Journal (Eugène Delacroix)/1er novembre 1854

Texte établi par Paul Flat, René PiotPlon (tome 2p. 490-491).

1er novembre. — Remonté le matin avant déjeuner dans le parc un moment. On devait déjeuner un peu plus tôt pour aller à la messe. J’ai rencontré là Mme de C…, descendue je ne sais pourquoi.

Un peu de bateau dans la journée ; elles s’écoulent doucement, mais franchement ; c’est trop d’abandon de tout exercice d’imagination. Qu’est-ce donc, grand Dieu ! que la vie de ces gens qui vivent toujours comme je le fais dans ce moment-ci ! Tous ces élégants, toutes ces femmelettes, ne font pas autre chose que se traîner d’un temps à l’autre en ne faisant rien ou en ne s’occupant de rien.

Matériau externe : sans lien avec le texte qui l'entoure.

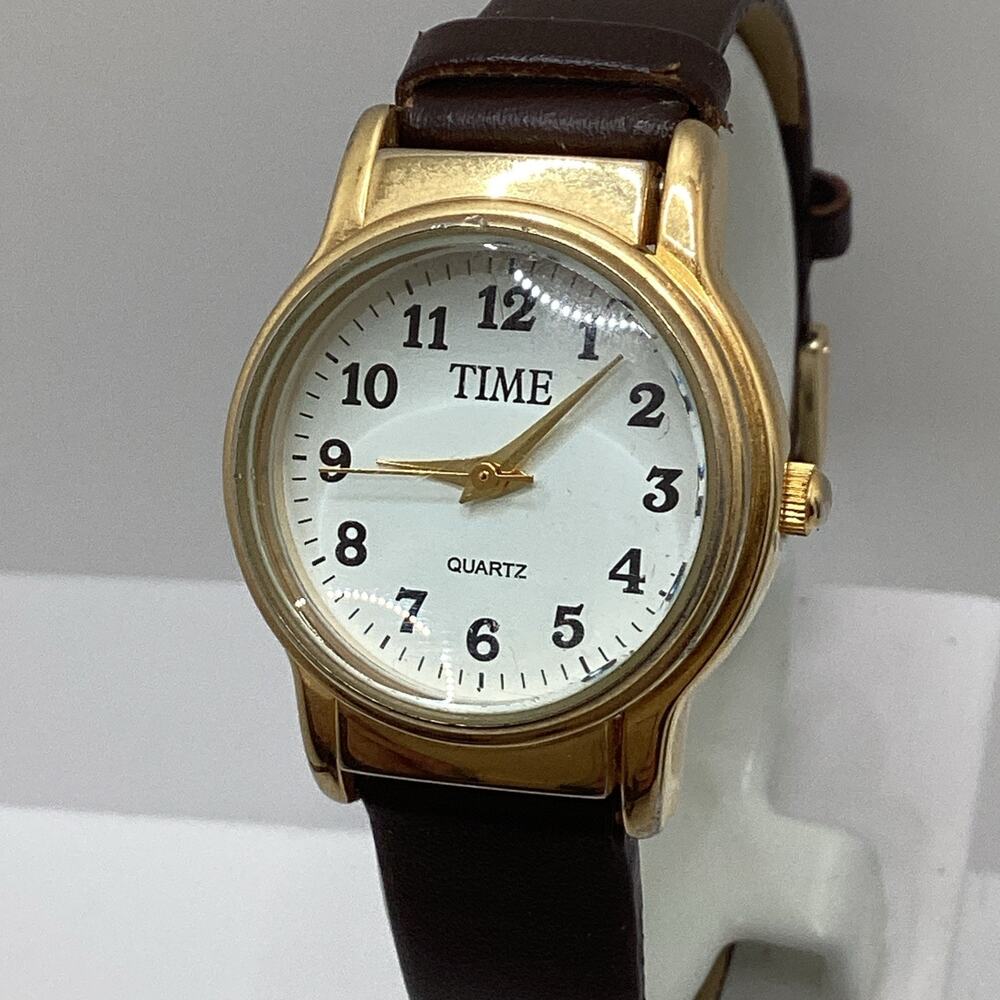 Vintage Time Magazine Women’s Watch Gold Tone W Magnifying Glass New Battery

Promenade avec Richomme à la fin de la journée, pendant les vêpres, dont nous sommes dispensés ; puis avec lui et Cadignan.

Le soir, billard, le fameux mistigri, etc.

— Je suis de mauvaise humeur contre moi-même.

— M. de Gadillan me parle longuement d’une affaire que Berryer doit plaider pour des domestiques auxquels leur maître a légué sa fortune ; ce jeune homme, qui travaille avec lui continuellement et lui prépare ses affaires, me le fait voir bien plus grand encore que je ne le croyais. Il me parle de son désintéressement, de son mépris de ce qui est en dessous de lui. Il ne veut pas aller à Orléans ni je ne sais où, plaider pour M. Jouvin, gantier, qui ne lui demande que quelques instants de son talent et lui offre dix mille francs pour cela.